By way of example, and not limitation, such computer-readable media
can include RAM, ROM, EEPROM, CD-ROM or other optical disk storage,
magnetic disk storage or other magnetic storage devices, flash
memory, or any other medium that can be used to carry or store
desired program code means in the form of computer-executable
instructions or data structures and that can be accessed by a
general purpose or special purpose computer, such as computer 30.
When information is transferred or provided over a network or
another communications connection (either hardwired, wireless, or a
combination of hardwired or wireless) to computer 30 or some other
hardware device, computer 30 or the hardware device properly views
the connection as a computer-readable medium. Thus, any such
connection is properly termed a computer-readable medium.
Combinations of the above should also be included within the scope
of computer-readable media. Computer-executable instructions
include, for example, instructions and data that cause a general
purpose computer, special purpose computer, or special purpose
processing device to perform a certain function or group of
functions.
[0032] Generally, computer 30 controls the burn-in and life testing
of a plurality of laser diodes 34 supported by burn-in rack 14.

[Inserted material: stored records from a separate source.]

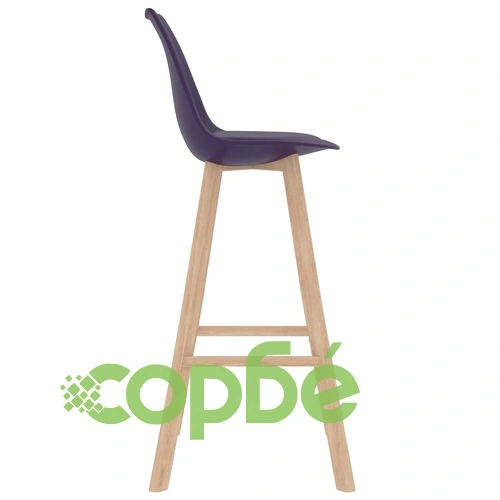 Бар табуретки, 4 бр, тъмнолилави, PP и буково дърво масив ➤ топ цена ➤ sorbe.bg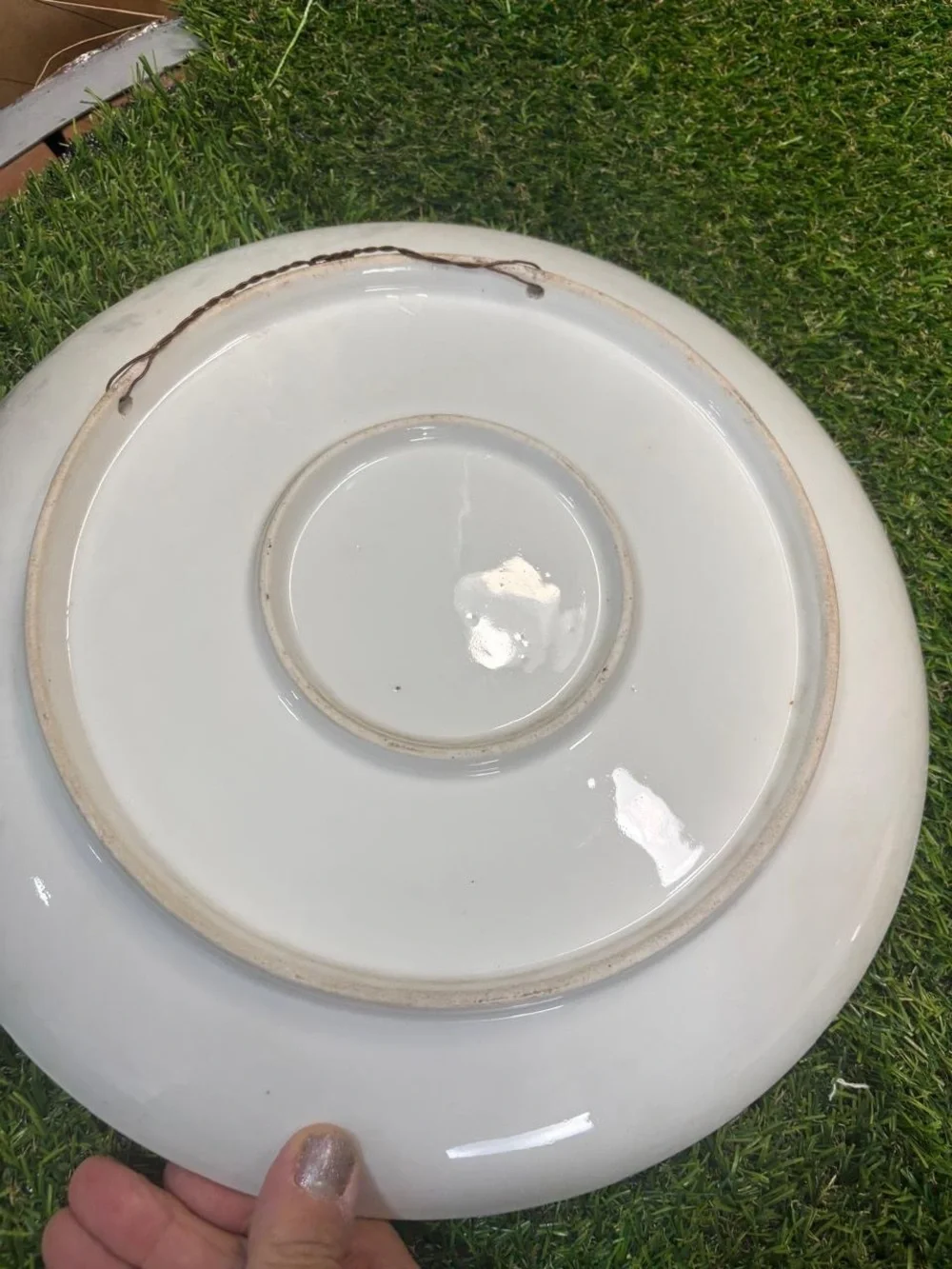 Vintage Crescent China Serving Lot Scenic Platter Floral Bowl Marble Tray 3 Pc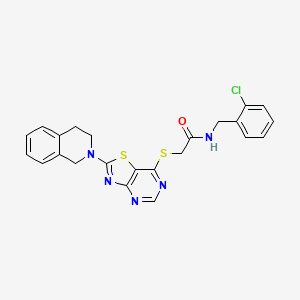 molecular formula C23H20ClN5OS2 B3013803 N-(2-chlorobenzyl)-2-((2-(3,4-dihydroisoquinolin-2(1H)-yl)thiazolo[4,5-d]pyrimidin-7-yl)thio)acetamide CAS No. 1189699-23-7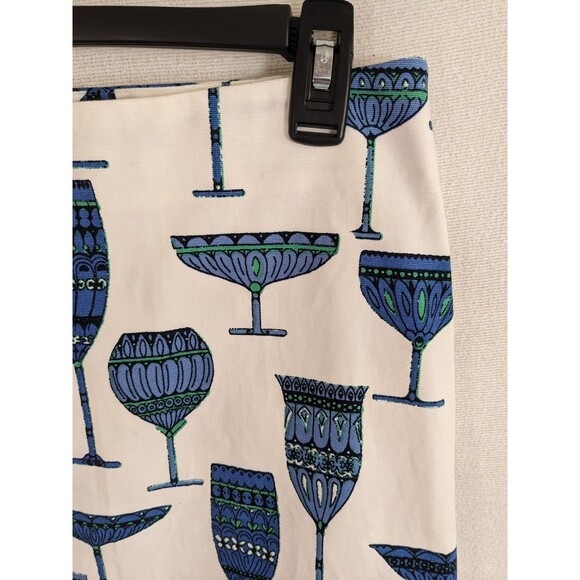 NWT Talbots Skirt A- Line Martini Wine Glass White Blue Women's Size 4 - Picture 4 of 9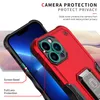 Hybrid-Telefonhüllen für iPhone 15 Pro Max 14Pro 14Max 14 6.1 Hülle 2 in 1 TPU PC Armor Kickstand mit Opp-Taschen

Software and/or hardware components and modules (not shown but
understood by one skilled in the art) of computer 30 control the
(i) operating time of laser diodes 34 supported by burn-in rack 14,
(ii) time when life testing of individual laser diodes 34 occurs,
(iii) operating procedures of one or more detectors 36 of detector
assembly 16, (iv) detecting of the output from laser diodes 34
and/or internal monitor photo-diodes of the packaged laser diode,
when applicable, and (v) storing the characterization data for each
laser diode 34. Computer 30, for example, can include associated
signal drivers and detectors appropriate for laser diodes 34 and
detectors 36. Additionally, computer 30 can control the testing of
each laser diode 34, such as by performing an L-I (light power
versus current) analysis using detectors 36 to detect light power
resulting from the delivery of a defined drive current to laser
diodes 34. Such L-I analysis can occur in a sequential or
non-sequential manner during the life testing.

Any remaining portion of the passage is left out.